Published in the December 2006 American Longwall Magazine
Is the future of mine ventilation in trouble? Is education in this highly technical area of mining engineering lacking? The issue took on new life following the publication of a technical research paper by Keith Wallace and Craig Hairfield of California-based Mine Ventilation Services.
The two took the stage at the US/North American Mine Ventilation Symposium at Pennsylvania State University in June 2006 with their study findings and recommendations.
The duo said that a lack of ventilation focus in existing mining engineering curriculums and a shortage of qualified experts in the specialty were leading to a significant problem for the future of mine ventilation engineers.
There are currently 14 accredited US undergraduate programs in mining engineering or mining-related disciplines. While all offer at least one ventilation course as part of its requirements, and all but three offer lab time for it, there are only six that are taught by dedicated ventilation professors (those holding a PhD in the field, or who have authored work published in the discipline and/or who have practical experience), Wallace and Hairfield said.
In fact, some of these specialized courses are taught by graduate students or professors without the needed experience, Wallace said. Many of the more detailed areas of mine ventilation, including issues dealing with modeling, Mine Safety and Health Administration regulations and survey techniques are not taught in the way they need to be, he said.
To compound the problem, at least half of those “expert” professors remaining are nearing retirement age – an aging workforce problem of its own in the industry, according to the authors. “This is a concern, as it does not bode well for the future of mine ventilation education in the United States. The entire subject of mine ventilation is in jeopardy of losing the talent necessary to train engineers in the field.”
The education of these new ventilation engineers, they added, is left to the mining operation with which they gain employment, placing a burden on the mine’s training staff to do a job which they feel should be completed in academia. Wallace and Hairfield, while both maintaining the utmost respect for the educational sector and the existing mining engineering programs, said the current and future safety of miners was the most important outcome. “You never want to forego safety – period.”
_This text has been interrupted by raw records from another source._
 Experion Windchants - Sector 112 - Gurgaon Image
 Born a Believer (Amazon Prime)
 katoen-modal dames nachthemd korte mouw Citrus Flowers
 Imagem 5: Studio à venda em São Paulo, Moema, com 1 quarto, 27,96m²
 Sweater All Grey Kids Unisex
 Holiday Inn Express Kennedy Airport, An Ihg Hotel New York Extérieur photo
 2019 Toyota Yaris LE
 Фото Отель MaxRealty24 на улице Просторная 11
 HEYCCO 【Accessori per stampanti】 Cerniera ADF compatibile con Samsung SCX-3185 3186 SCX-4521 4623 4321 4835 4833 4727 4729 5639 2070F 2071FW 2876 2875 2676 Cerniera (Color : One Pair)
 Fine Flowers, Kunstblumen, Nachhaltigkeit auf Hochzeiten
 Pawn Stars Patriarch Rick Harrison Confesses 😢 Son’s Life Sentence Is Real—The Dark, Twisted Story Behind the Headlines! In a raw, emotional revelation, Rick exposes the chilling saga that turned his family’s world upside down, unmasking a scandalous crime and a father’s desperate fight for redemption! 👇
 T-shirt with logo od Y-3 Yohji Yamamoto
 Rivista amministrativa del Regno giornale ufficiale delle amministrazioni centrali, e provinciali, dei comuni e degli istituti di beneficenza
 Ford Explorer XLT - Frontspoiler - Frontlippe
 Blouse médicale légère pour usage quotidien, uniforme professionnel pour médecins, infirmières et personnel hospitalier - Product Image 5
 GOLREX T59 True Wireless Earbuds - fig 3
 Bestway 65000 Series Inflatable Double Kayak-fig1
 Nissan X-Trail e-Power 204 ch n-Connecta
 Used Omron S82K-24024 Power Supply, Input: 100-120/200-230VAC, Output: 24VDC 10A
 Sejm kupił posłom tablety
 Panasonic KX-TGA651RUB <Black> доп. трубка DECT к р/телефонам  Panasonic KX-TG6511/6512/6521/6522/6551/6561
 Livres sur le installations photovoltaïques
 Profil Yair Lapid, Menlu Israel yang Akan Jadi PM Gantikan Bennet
Those in the academic field have varying opinions on the situation. Dr Jan Mutmansky and Dr Raj Ramani of Penn State University, two published experts in mine ventilation, said that there’s a shortage of all types of specialists in the mining sector, even mining engineers themselves; an estimated 70 graduates from US programs had their pick of more than 100 opportunities last year.
The experts the US does have are an unusual occurrence, said Ramani: “Very, very unusual. It is a luxury to have ventilation experts.”
Where the area of mine ventilation is lacking, according to the PSU educators, is in the research arena. In order for new issues to be examined and new research to commence, the currently non-existent funding must be in place.
Hairfield and Wallace concurred with this conclusion, noting that without research funding available for universities to hire specialized talent in any field of mine engineering, there will never again be experts in any specialized area, be it rock mechanics or ventilation.
“The key to developing universities with the skills necessary to train the next generation of quality mining engineering students is the faculty. The Catch-22 is that universities cannot hire faculty unless they can do research.
“At present, there is precious little funding for mining [and] without some type of funding for research in the field, we will never develop a strong mining engineering program,” they said, adding that other countries including Canada, South Africa and Australia have governmental and private sector funding for their programs. “The US is way behind in this area,” the authors said.
A solution both Ramani and Mutmansky offer is the appointment of “corporate ventilation engineers” by coal operators who serve as the single-point expert for all of the producer’s holdings. With ventilation issues becoming more complex – higher productivity, deeper seams, more dust and more gas being just a few of these issues – having an expert on staff at the corporate level can ensure efficiency for all mines that a company controls as well as consistent and proactive ventilation safety efforts.
Not properly handling these more complex features of mining, the professors said, could be disastrous. The larger and more complicated mine ventilation circuits must be designed and continuously maintained by an expert in the field.
Mutmansky noted that there are mining engineering programs that “downplay mining ventilation courses… [and] I consider that to be a problem”. Ramani concurred, saying the reduction or elimination of these courses for the purposes of minimizing program credit requirements or staff shortages is a disservice. “The two most important [mining engineering] program courses are ground control and mine ventilation.”